Canadian dollar steadies as oil prices climb

FILE PHOTO: A Canadian dollar coin, commonly known as the "Loonie", is pictured in this illustration picture taken in Toronto·Reuters
In this article:

TORONTO (Reuters) - The Canadian dollar steadied against its U.S. counterpart on Monday, as higher oil prices offset broad-based gains for the greenback and investors awaited domestic inflation data later in the week.

Canada's consumer price index report for March, due on Wednesday, could help guide expectations for further tightening from the Bank of Canada.

Last Wednesday, the central bank raised its benchmark interest rate by half of a percentage point to 1%, its biggest single hike in more than two decades, to try to limit inflation.

The Federal Reserve is also expected to move aggressively to tackle inflation, which helped push the U.S. dollar higher against a basket of major currencies.

Meanwhile, U.S. crude oil futures settled 1.2% higher at $108.21 a barrel as outages in Libya deepened concern over tight global supply amid the Ukraine crisis.

The Canadian dollar was nearly unchanged at 1.2613 to the greenback, or 79.28 U.S. cents, after trading in a range of 1.2604 to 1.2644.

Activity in the foreign exchange market was lighter than usual with a number of major financial centers closed for Easter Monday.

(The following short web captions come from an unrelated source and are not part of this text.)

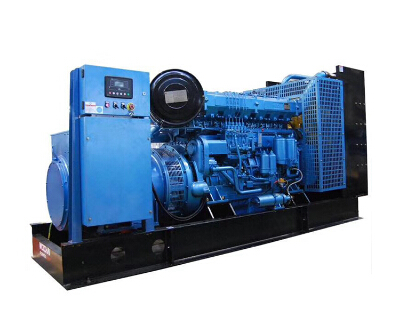 随县宗申动力150kw大型柴油发电机组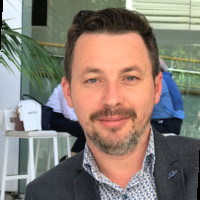 Caroli Foods Group Employee Realdo Tokacs's profile photo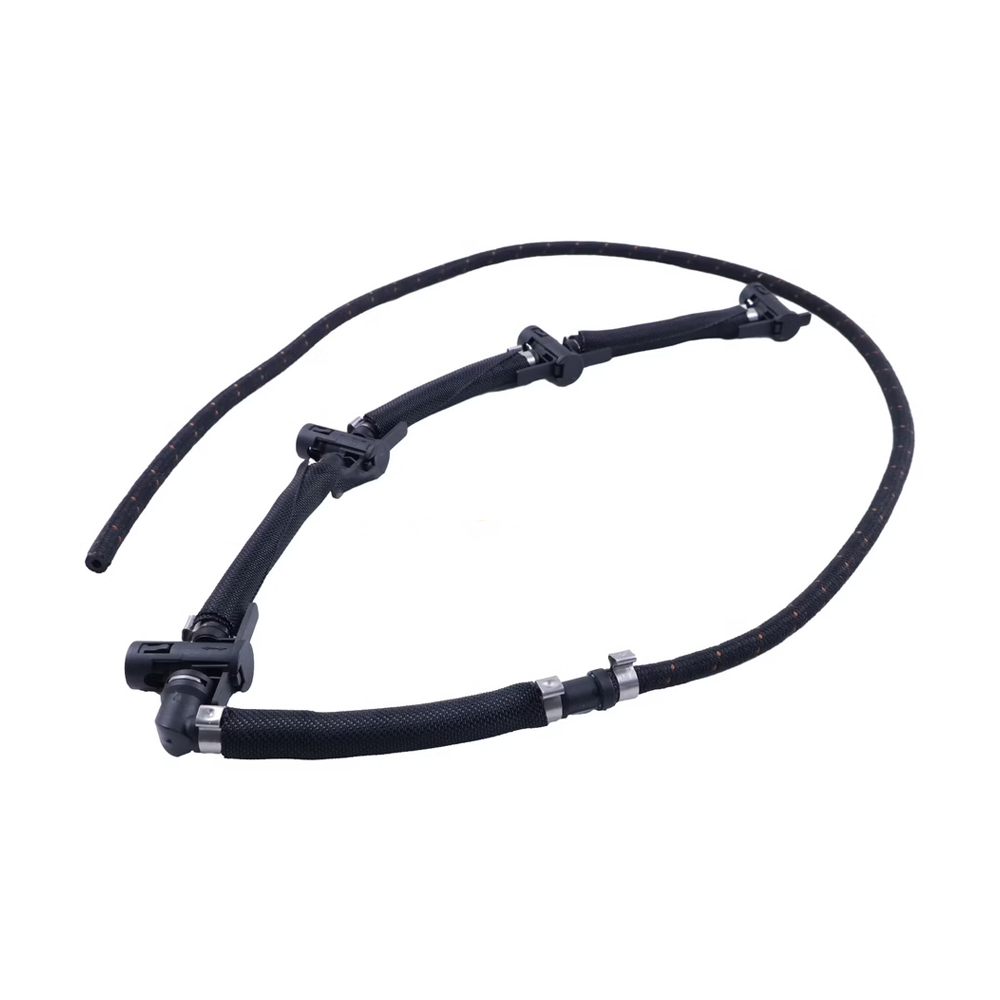 Fuel Return Tube 68036346AA 68092301AA for 2007-2010 Jeep Wrangler Rubicon Sahara Unlimited X X-S Islander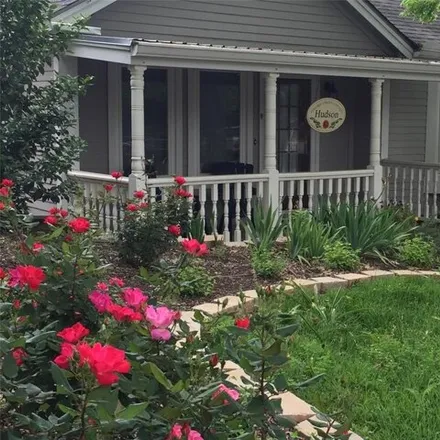 Rent this 2 bed house on 500 South Ash Street in Georgetown, TX 78626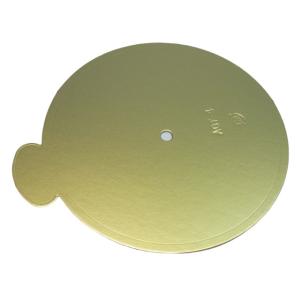 U50240 金角トレー 6寸（100枚） 三ツ目タイプ パッケージ中澤 : 包装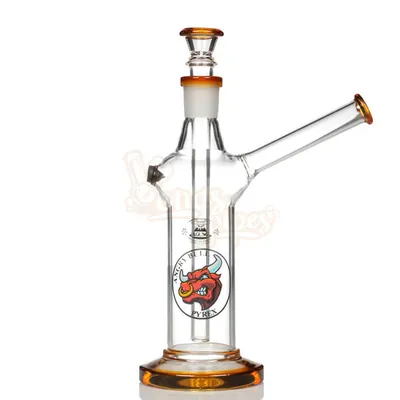 Agung Side Slider Bong 24cm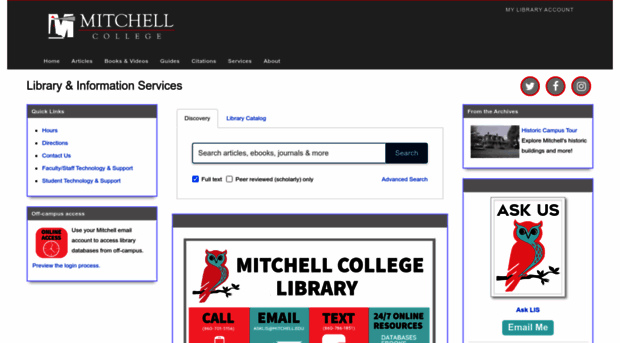 mitchell.libguides.com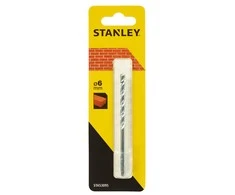 Grąžtas MŪRO GRĄŽTAI ST-STA53095 6 mm STANLEY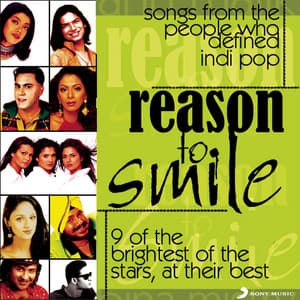 A Reason To Smile - Daler Mehndi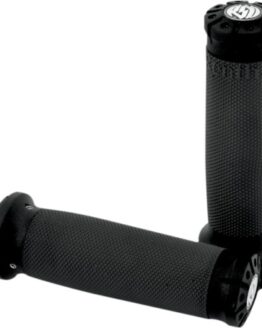 RSD Billet Chrono Grips Black Ops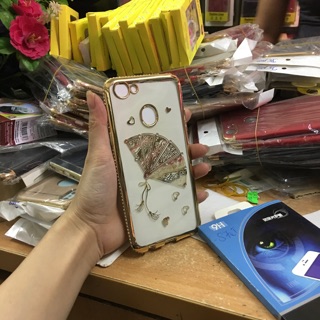 Ốp Oppo F5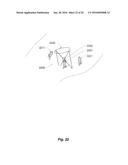 Adjustable Parallax Distance, Wide Field of View, Stereoscopic Imaging     System diagram and image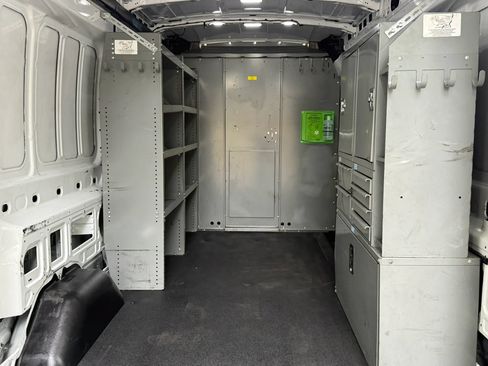 Used 2020 Ford Transit 350 Medium Roof RWD image 3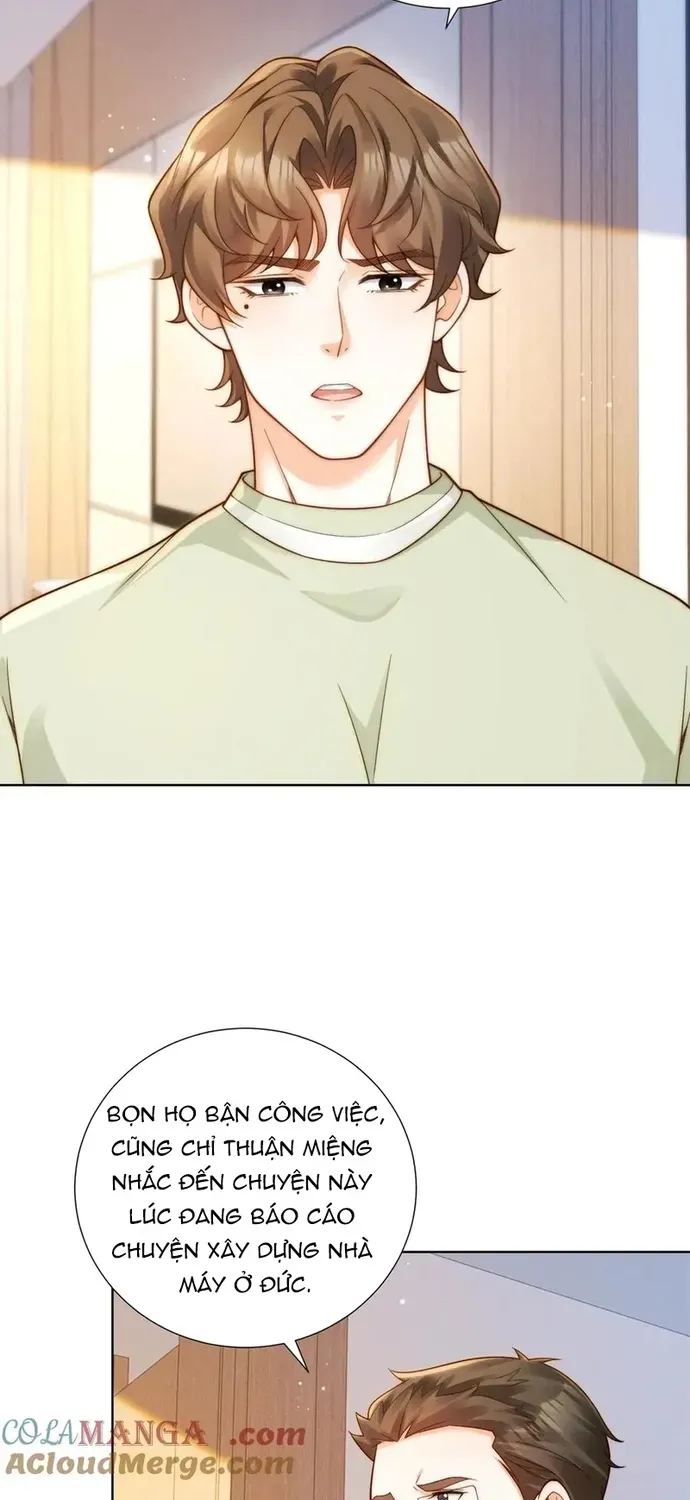 Chỉ Là Thấy Sắc Nổi Lòng Tham Chapter 65 - 13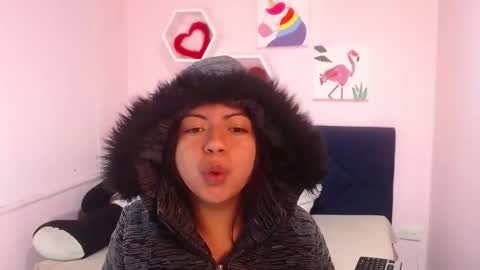 Isa online show from 02.28.25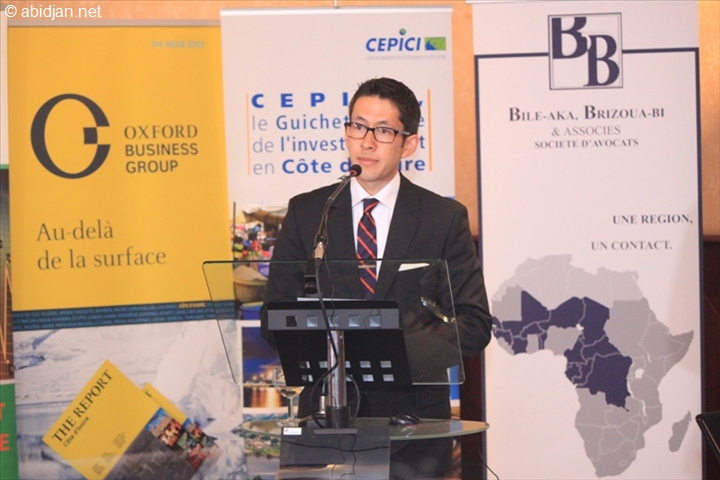 Relance économique en Cote d’ivoire : Le rapport d’Oxford business annonce des jours meilleurs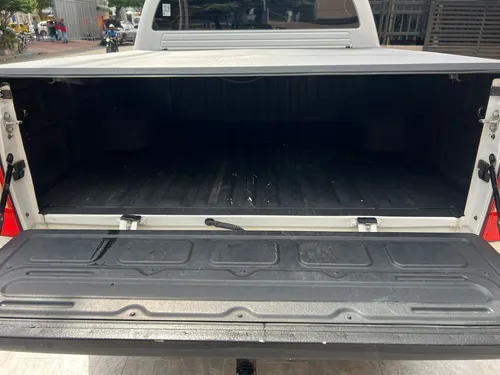 Foton Tunland Doble Cabina 2024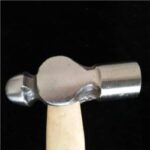 Import 12oz 16oz 20oz 24oz 32oz-Ounce Wooden Handle Ball Pein Hammer from chinese wholesale supplier and manufacturer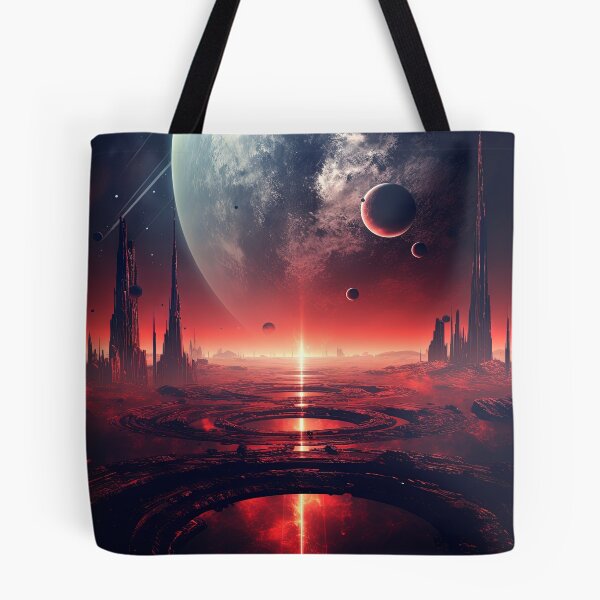 Item preview, Stellar Quest: Seeking the Secrets of the Cosmos designed and sold by Mullet Monkey.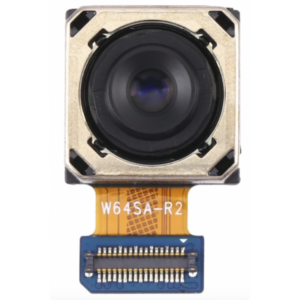 Camara Trasera Para Samsung Galaxy M31S / M317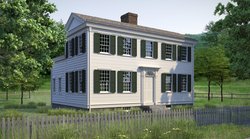  - Holiday Inn Express & Suites New Milford - I-81, Exit 219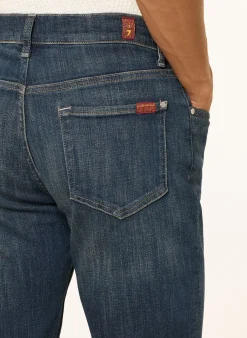 Jeans SLIMMY TAPERED Skinny Fit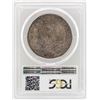 Image 2 : 1889-S $1 Morgan Silver Dollar Coin PCGS MS62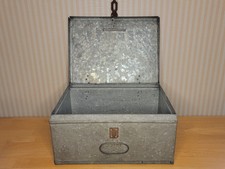 Vintage ballot box for sale  Crosby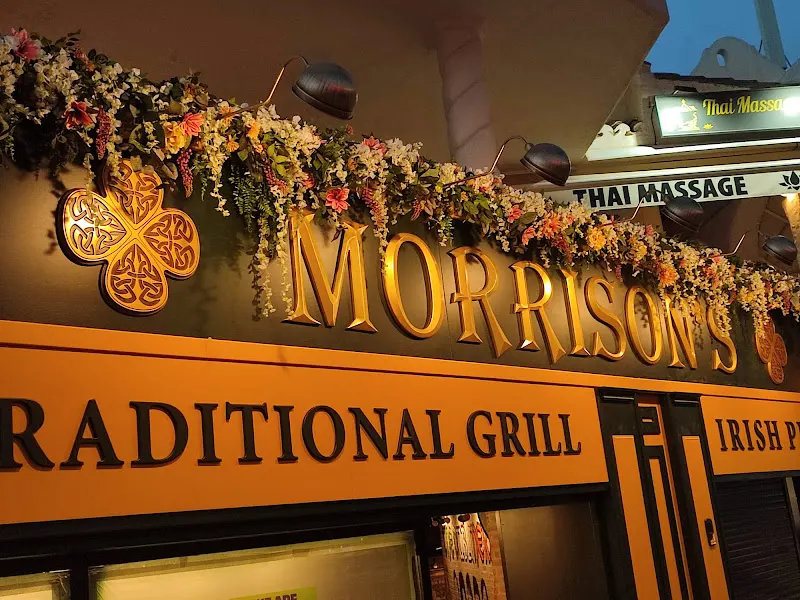 Pub MORRISON'S - Pub irlandés en Benalmádena - foto 2
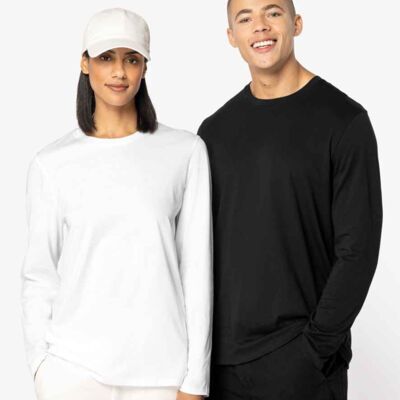 Native Spirit Unisex Long Sleeve T-Shirt Thumbnail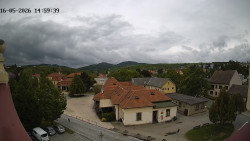 Náměstí Svobody, Hrad Buchlov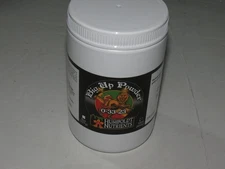 sh7 Humboldt Nutrients - Big Up Powder - BUP410 - 1 lb *NEW*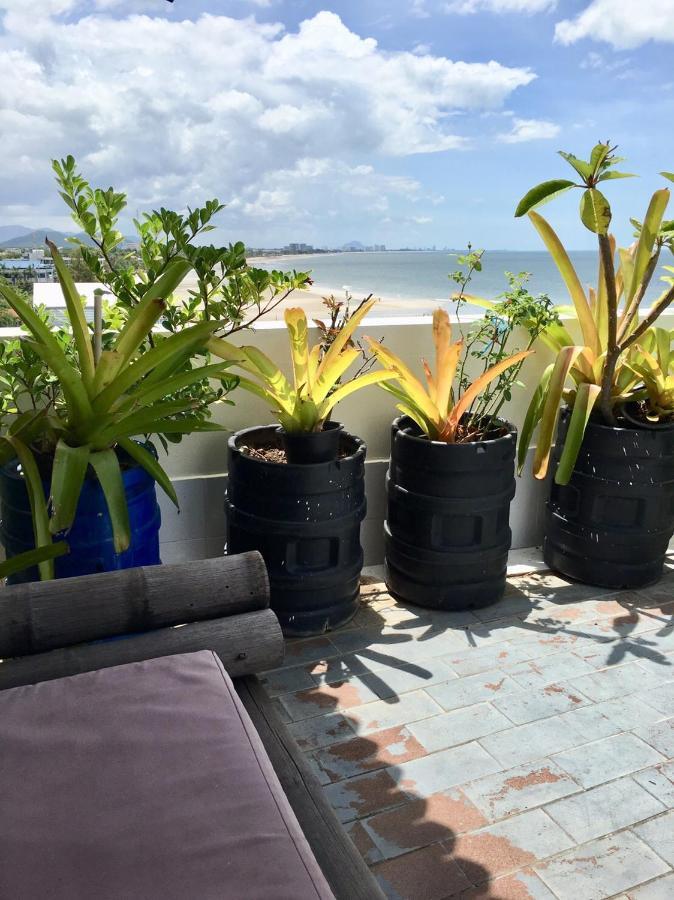 Pierview Rooms Hua Hin Luaran gambar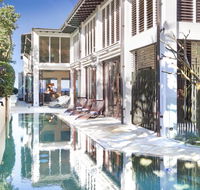 4 Belmore Terrace - Accommodation Asia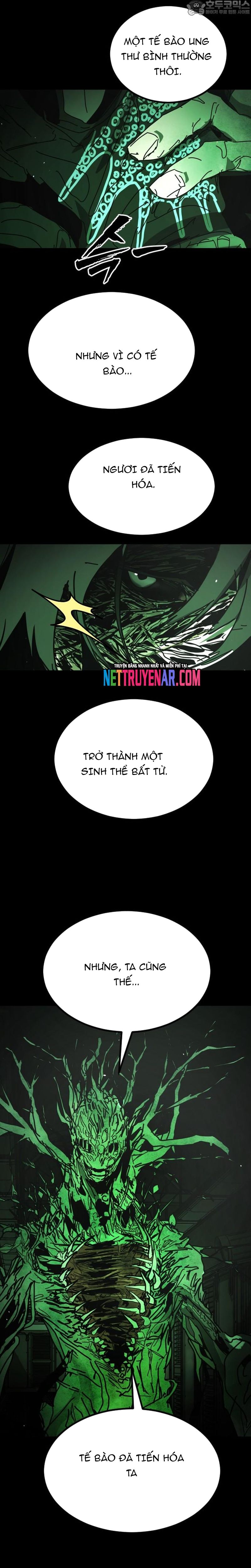 Đại Dịch Seoul Chap 176 - Next Chap 177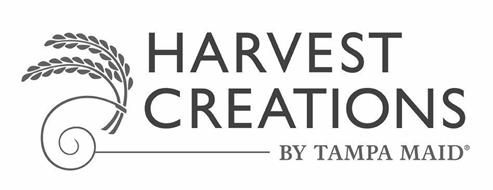 HARVEST CREATIONS BY TAMPA MAID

Speculators have raised their bullish bets on the Canadian dollar to the highest in four weeks, data from the U.S. Commodity Futures Trading Commission showed on Friday.

The loonie has gained 0.2% since the beginning of the year, trailing only the Australian dollar among G10 currencies.

Canadian government bond yields edged higher across the curve. The 10-year touched its highest level since January 2014 at 2.800% before dipping to 2.784%, up nearly 1 basis points on the day.